Niesten D, Gerritsen A E, Leve V
Ned Tijdschr Tandheelkd. 2021 Oct;128(10):485-494. doi: 10.5177/ntvt.2021.10.21065.
To identify facilitators and barriers to integrate oral health care into general healthcare for frail elderly, 41 participants from 10 different groups of (professional) caregivers and care-recipients (residents living at home and nursing home patients) in the east of the Netherlands were interviewed. They were asked about normative integration (vision, attitude, culture) at the macro (system), meso (organizational and interprofessional), and micro (patient care) level. After thematic analysis of the interviews, the results were refined on the basis of a workshop with 52 stakeholders. Subsequently, two main themes were identified: 1. a compartmentalized care culture in which oral healthcare and general healthcare are seen as two separate domains; 2. prioritization, awareness, and attitude towards oral healthcare integration. Barriers to integration are: low political attention (macro level); unclear responsibilities, hierarchical relationships, and lack of vision (meso level); poor awareness and low prioritization by healthcare providers and patients (micro level). Leadership (meso level), a supportive personality of individual caregivers, and ownership of patients (micro level) promote integration.
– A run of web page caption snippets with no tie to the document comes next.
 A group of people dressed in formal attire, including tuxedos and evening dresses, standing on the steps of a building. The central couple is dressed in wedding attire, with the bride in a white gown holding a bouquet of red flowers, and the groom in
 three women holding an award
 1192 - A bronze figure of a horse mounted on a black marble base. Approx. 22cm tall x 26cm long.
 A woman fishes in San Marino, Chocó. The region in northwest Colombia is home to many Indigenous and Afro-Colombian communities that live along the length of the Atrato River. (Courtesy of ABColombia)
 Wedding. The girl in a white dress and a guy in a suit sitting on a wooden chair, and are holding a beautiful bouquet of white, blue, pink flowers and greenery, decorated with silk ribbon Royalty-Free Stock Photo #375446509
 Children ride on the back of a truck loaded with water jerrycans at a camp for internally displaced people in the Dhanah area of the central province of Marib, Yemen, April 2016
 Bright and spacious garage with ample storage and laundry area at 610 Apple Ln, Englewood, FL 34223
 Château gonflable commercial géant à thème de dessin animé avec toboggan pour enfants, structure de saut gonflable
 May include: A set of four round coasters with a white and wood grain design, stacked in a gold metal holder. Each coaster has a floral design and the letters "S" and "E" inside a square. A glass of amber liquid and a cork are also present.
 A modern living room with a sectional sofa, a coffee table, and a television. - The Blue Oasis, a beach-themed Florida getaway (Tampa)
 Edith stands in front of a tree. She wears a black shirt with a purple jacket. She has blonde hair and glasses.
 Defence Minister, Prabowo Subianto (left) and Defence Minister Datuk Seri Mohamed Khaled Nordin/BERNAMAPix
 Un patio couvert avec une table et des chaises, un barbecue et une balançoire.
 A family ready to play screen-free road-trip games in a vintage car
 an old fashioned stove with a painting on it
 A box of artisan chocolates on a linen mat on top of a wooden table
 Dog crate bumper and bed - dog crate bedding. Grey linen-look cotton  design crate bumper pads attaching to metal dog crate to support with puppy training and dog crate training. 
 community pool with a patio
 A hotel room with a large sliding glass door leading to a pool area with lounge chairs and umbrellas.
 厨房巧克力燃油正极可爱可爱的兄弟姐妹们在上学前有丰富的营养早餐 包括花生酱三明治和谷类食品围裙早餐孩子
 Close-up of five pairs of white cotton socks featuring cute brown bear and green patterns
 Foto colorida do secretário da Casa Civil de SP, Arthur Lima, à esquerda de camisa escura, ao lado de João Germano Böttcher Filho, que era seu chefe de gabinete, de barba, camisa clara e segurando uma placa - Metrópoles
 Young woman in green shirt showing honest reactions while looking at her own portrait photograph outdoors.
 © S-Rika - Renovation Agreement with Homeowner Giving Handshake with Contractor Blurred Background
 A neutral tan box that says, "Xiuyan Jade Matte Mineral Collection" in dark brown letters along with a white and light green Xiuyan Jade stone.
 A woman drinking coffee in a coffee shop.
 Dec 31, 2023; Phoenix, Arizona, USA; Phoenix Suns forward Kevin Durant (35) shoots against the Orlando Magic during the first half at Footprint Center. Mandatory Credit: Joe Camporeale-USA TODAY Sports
为确定将口腔保健纳入体弱老年人综合医疗保健的促进因素和障碍,我们对荷兰东部10个不同群体(专业)护理人员和护理对象(居家居民和疗养院患者)的41名参与者进行了访谈。我们询问了他们在宏观(系统)、中观(组织和跨专业)和微观(患者护理)层面的规范整合情况(愿景、态度、文化)。在对访谈进行主题分析后,基于与52名利益相关者的研讨会对结果进行了完善。随后,确定了两个主要主题:1. 一种将口腔保健和综合医疗保健视为两个独立领域的分隔护理文化;2. 对口腔保健整合的优先排序、认识和态度。整合的障碍包括:政治关注度低(宏观层面);职责不明确、层级关系不清以及缺乏愿景(中观层面);医疗服务提供者和患者的认识不足且优先级低(微观层面)。领导力(中观层面)、个体护理人员的支持性格以及患者的自主性(微观层面)促进整合。